Sometimes, it is important for parents to apply a carrot and stick approach. In some cases, it is important to be strict to show the child that his behavior is not acceptable or dangerous. While doing this, it is important to tell the child that his actions are wrong in a firm but compassionate manner. But manipulative parents use this strategy for completely egoistic reasons. While it is difficult to define what is “right” or “wrong”, manipulative parents have a bigoted view of “right” and “wrong”. However, they are convinced that they are right and try to use various strategies to control their children.

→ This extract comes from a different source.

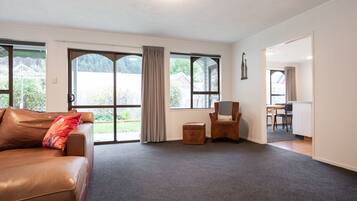 A spacious living room with a leather sofa, a small ottoman, and a chair. Large windows provide a view of the outdoors.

Mind needs stability and peace. When a parent gives love and affection and withdraws it and keeps  swinging between these two extremes, it is possible that the child either becomes exactly like the parent (by doing the same thing to others…the child here becomes a manipulator) or thinks that the whole world is like her parent (in this case, she becomes a people pleaser). It is extremely difficult for a child to bear the shocks…to handle the alternative and diametrically opposing mental states requires unbelievable amount of mental toughness…which the child doesn’t have at a tender age. Sometimes the child becomes a rebel..sometimes he cares too much about what others think of him. If the child decides to give into the parents demands and do things which make him feel miserable, then he must remember that desires are endless. Your parent’s repeated withdrawal of love and affection is an endless game. Even if your parent is happy with your obedience today…she will feel the need to demand and manipulate in the future…because she won’t be satisfied. Power is seductive. Once your parent is certain that you will do anything out of fear, he might try to demand more and more. Even if he is satisfied, YOU will never believe that he loves you because he has stopped loving you so many times in the past. This will also affect your other relationships. You will be anxious about pleasing other people and you will never believe that somebody ACTUALLY loves you.Trying to satisfy a manipulative person is an exercise in futility.